You can write a fact retriever—an object that implements standard methods and typically uses them to supply long-term and slowly changing facts to the rule engine before the policy is executed. The engine caches these facts and uses them over multiple execution cycles. Instead of submitting a static or fairly static fact each time you invoke the rule engine, you should create a fact retriever that submits the fact the first time, and then updates the fact in memory only when it is needed.
The priority setting for a rule can range on either side of 0, with larger numbers having higher priority. Actions are executed in order from highest priority to lowest priority. When the policy implements forward-chaining behavior by using Assert/Update calls, the chaining can be optimized by using the priority setting. For example, suppose that Rule2 has a dependency on a value that is set by Rule1. Giving Rule1 a higher priority means that Rule2 will execute only after Rule1 fires and updates the value. Conversely, if Rule2 is given a higher priority, it can fire once, and then fire again after Rule1 fires and updates the fact that Rule2 is using in a condition. This may or may not produce the correct results, but clearly firing twice has a performance impact versus firing only once.

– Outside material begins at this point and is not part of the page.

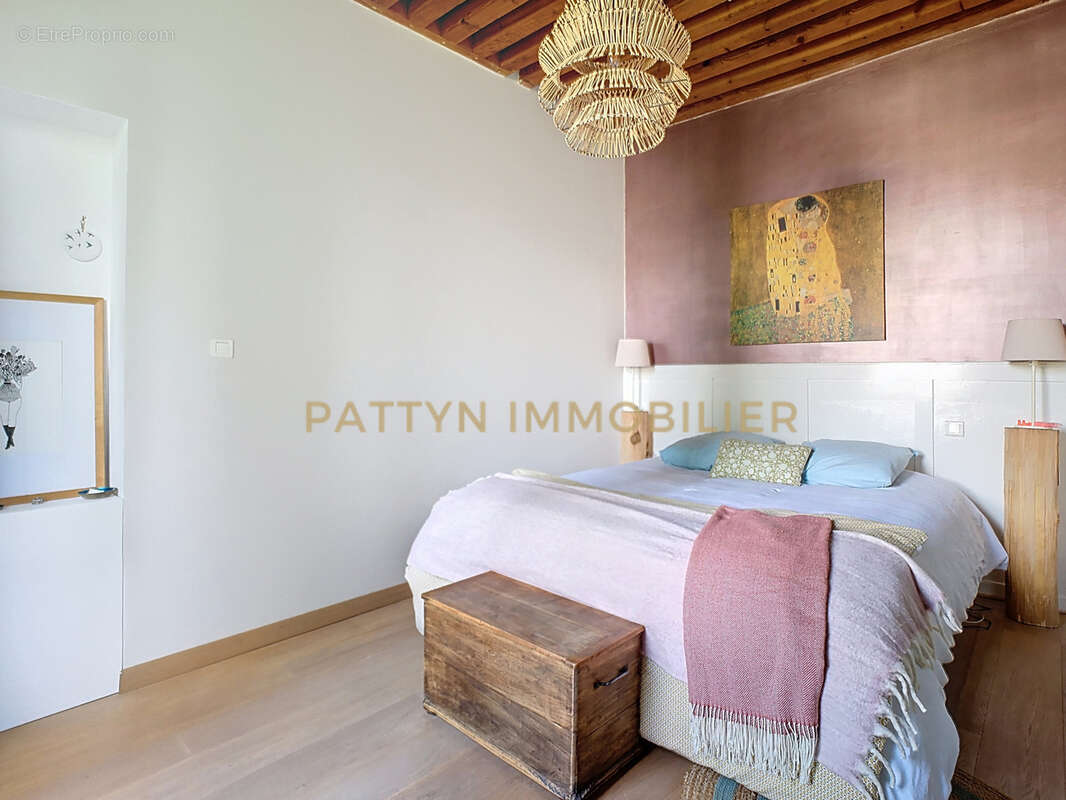 Appartement à NEUVILLE-SUR-SAONE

The Update function updates a fact that exists in the working memory of the rule engine, and causes all the rules that use the updated fact in conditions to be reevaluated. Update function calls can be expensive, especially if many rules need to be reevaluated because of updating the facts. There are situations where you can avoid having to reevaluate the rules. For example, consider the following rules:
IF PurchaseOrder.Amount > 5 THEN StatusObj.Flag = true; Update(StatusObj)
IF PurchaseOrder.Amount <= 5 THEN StatusObj.Flag = false; Update(StatusObj)

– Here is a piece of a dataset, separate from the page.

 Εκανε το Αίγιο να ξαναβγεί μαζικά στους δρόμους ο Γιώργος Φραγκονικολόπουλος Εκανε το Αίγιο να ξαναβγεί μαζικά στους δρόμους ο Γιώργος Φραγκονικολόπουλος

All remaining rules of the policy use StatusObj.Flag in their conditions. Therefore, when Update is called on the StatusObj object, all the rules will be reevaluated. Whatever the value of the Amount field is, all the rules except Rule1 and Rule2 are evaluated twice, once before the Update call and once after the Update call.

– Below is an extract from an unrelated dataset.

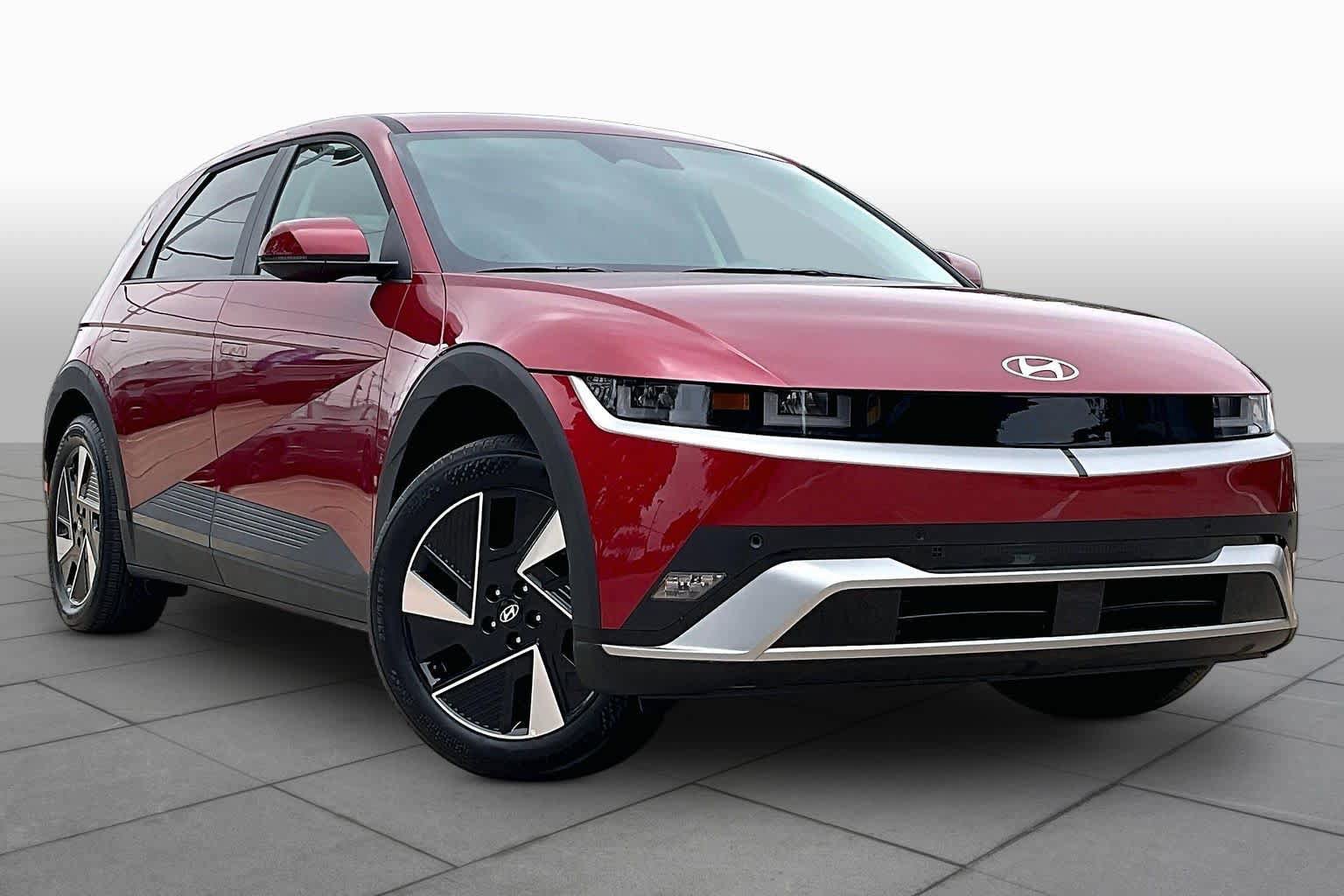 Certified 2026 Hyundai Ioniq 5 SEL RWD image 2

Instead, you could set the value of the flag field to false before you invoke the policy and then use only Rule1 in the policy to set the flag. In this case, Update is called only if the value of the Amount field is greater than 5, and Update is not called if the amount is less than or equal to 5. Therefore, all the rules except Rule1 and Rule2 are evaluated twice only if the value of the Amount field is greater than 5.
Use of Logical OR Operators
The rule engine is optimized for executing logical AND operators and it reconstructs the rule it parsed in a disjunctive normal form so that OR operator is used only at the top level. Using an increasing number of logical OR operators in conditions creates additional permutations that expand the analysis network of the rule engine, and It may take long time for the rule engine to normalize the rule. The following list contains possible workarounds for this issue.
- Modify the rule to be in disjunctive normal form so that the OR operator is only at the top level. Note that developing a rule in disjunctive normal form in Business Rule Composer can be tricky. You may want to consider creating the rule programmatically.
- Develop a helper component that performs the OR operations and returns a Boolean value, and use the component in the rule.
- Consider splitting the rule into multiple rules and have the rules check for a flag set by a previously executed rule or use an object that is asserted by a previously executed rule as shown in the following examples:
Rule 1: IF (a == 1 OR a == 3) THEN b = true
Rule 2: if (b == true) THEN …
Rule 1: IF (a == 1 OR a == 3) THEN assert(new c())
Rule 2: IF (c.flag == true) THEN …
- Rule 1: IF (a == 1 OR a == 3) THEN b = true
The rule engine uses two caches. The first one is in the Update service and the second one is in each BizTalk process. The first time a policy is used, the BizTalk process requests the policy information from the Update service. The Update service retrieves the policy information from the Rule Engine database, caches it, and returns the information to the BizTalk process. The BizTalk process creates a policy object based on that information and stores the policy object in a cache when the associated rule engine instance completes executing the policy. When the same policy is invoked again, the BizTalk process reuses the policy object from the cache if one is available in the cache.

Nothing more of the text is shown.